Sementara sepasang sapi lainnya berjuluk 'Si Kancil' yang usianya baru menginjak 5 bulan. Posturnya kecil dan baru dilatih oleh pemiliknya sebagai persiapan lomba karapan sapi untuk kategori sapi kecil.
"Si Kancil ini baru saya beli. Masih dalam tahapan dilatih untuk lomba kelas kecil," sambung Edi yang ditemui bersama dengan Juhari, partnernya.
"Daripada tidak ada pekerjaan di rumah, lebih baik melatih sapi-sapi ini. Karena, latihan ini memang harus rutin, biar kecepatan larinya teruji. Kalau ditinggal malas-malasan di rumah, ya tidak ada hasilnya. Paling tidak, sambil menunggu waktu berbuka puasa," ucap Edi sembari tersenyum.
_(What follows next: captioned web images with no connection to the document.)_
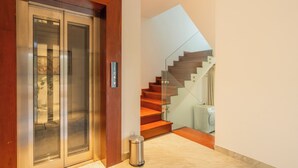 Een modern interieur met een glazen lift, een houten trap en een marmeren vloer.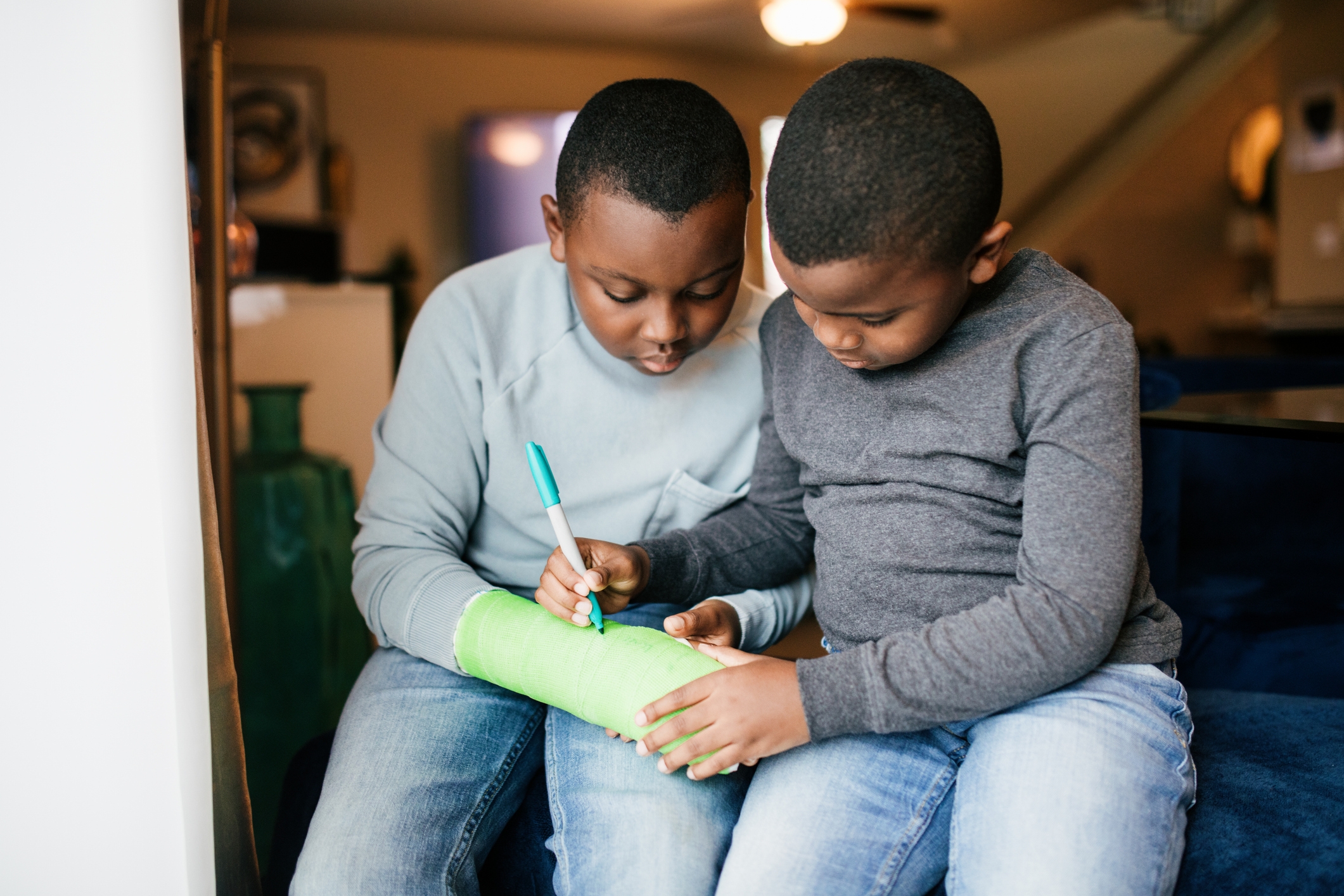 Two children sitting together; one is writing on the other's cast with a marker
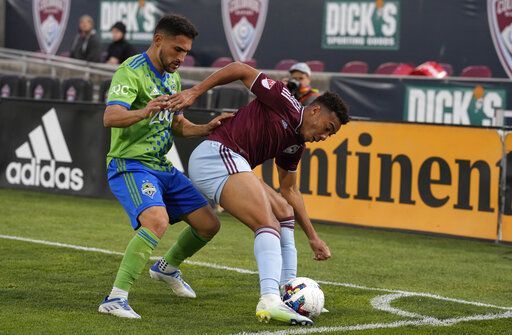 Seattle Sounders midfielder Cristian Roldan, left, fights for control of the ball with Colorado Rapids forward Jonathan Lewis in the second half of an MLS soccer match Sunday, May 22 2022, in Commerce City, Colo.
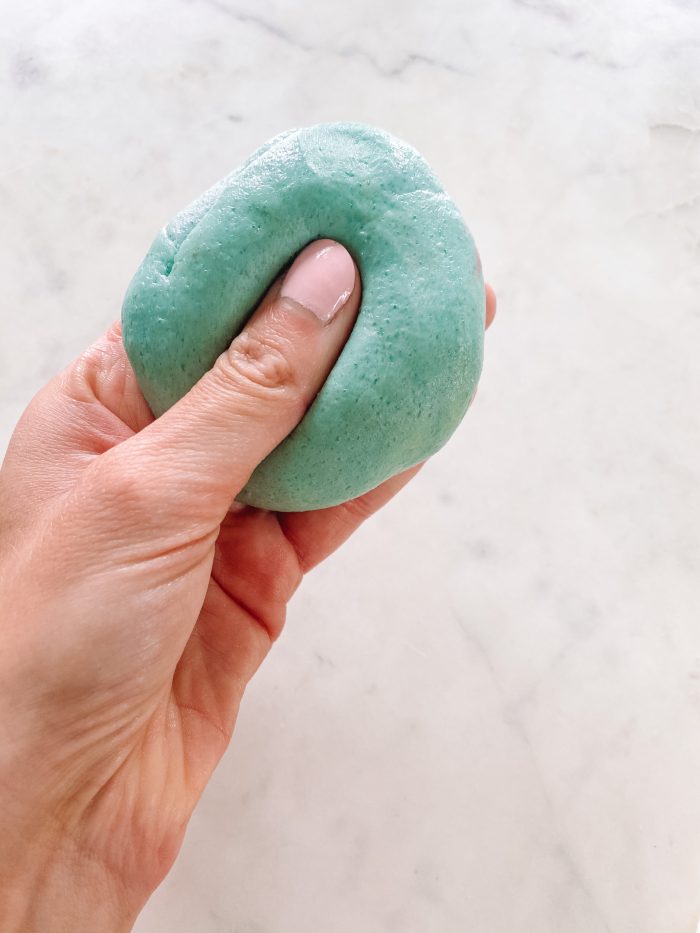 A close up of a hand holding play dough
Warga Desa Boreng ini mengaku kesempatan melatih dua pasang sapi karapan miliknya memang lebih intensif dilakukan saat Bulan Ramadhan ini. Sebab, di bulan puasa ini tidak ada satupun perlombaan karapan sapi yang digelar.
"Selama puasa, perlombaan memang tidak ada. Makanya, ada kesempatan untuk melatih sapi-sapi ini. Kalau bulan biasa, setiap minggu bisa ada dua kejuaraan yang rutin kami ikuti di berbagai kota," bebernya.
Kegetolan Edi mengikuti lomba karapan sapi ini, selain berharap keuntungan material dengan terdongkraknya harga sapi hingga berharga ratusan juta rupiah perekor jika menjadi jawara, juga atas alasan gengsi.
Padahal untuk biaya perawatan, bisa dibilang tidak murah. Untuk pakan rutin dan suplemen pendongrak energi dan berbagai ramuan minumen energi dikombinasikan obat-obatan lainnya, setiap ekor sapi berukuran besar bisa mengeluarkan biaya sampai Rp 50 ribu perharinya.
Sementara, untuk sapi berukuran kecil, biaya rutin harian mencapai Rp 30 ribu perekornya.
"Itu untuk pakan, yakni daun lamtoro dan daun-daunan lainnya yang saya pesan melalui tetangga desa. Selain itu, untuk membeli minuman energi, telor dan obat-obatan seperti pil yang harus rutin dikosumsi sapi-sapi ini," terang Edi.
Belum lagi jika perlombaan digelar, yang memaksa Edi Saputro terpaksa merogoh kocek lebih dalam lagi. "Setiap hendak berlomba, persiapan dilakukan sejak beberapa hari sebelumnya. Kebutuhan biayanya besar. Paling tidak, untuk satu pasang mengeluarkan Rp 3 juta sampai lomba," ungkapnya.
Biaya itu, kata Edi, dipergunakan untuk membeli 900 butir telor untuk setiap ekor sapi, minumen energi, pakan spesial dari daun-daunan khusus obat-obatan dan lain-lain.
"Joki saja harus membayar Rp 70 ribu. Belum lagi biaya angkutan dan pengiringnya. Jika jadi juara, hadiah yang dibawa pulang tidak sebanding dengan biaya yang telah dikeluarkan. Hadiahnya kadang sapi kecil seharga Rp 1,5 juta. Bisa dibilang kami ini untuk sementara rugi," tandasnya.
Namun, Edi Saputro punya harapan untuk kemenangan yang diraih sapi-sapi miliknya Denganmenang maka harga sapi bisa terongkrak. Tujuan utamanya, sapi-sapi miliknya bisa bertanding di perlombaan tingkat nasional yang rutin di gelar di Madura. Jika memenangkan lomba tingkat nasional di Pulau Garam tersebut, harga sapi bisa mencapai Rp 250 juta perekornya.
"Tapi sapi saya ini masih kelas regional. Baru dua kali menang. Tapi, harganya sudah lumayan. Raja Tega ini yang seekor sudah ditawar Rp. 30 juta dan seekor lagi ditawar Rp 25 juta. Tapi, tidak saya berikan, karena saya berharap bisa terus berkompetisi sampai di tingkat nasional di Madura," pungkas Edi.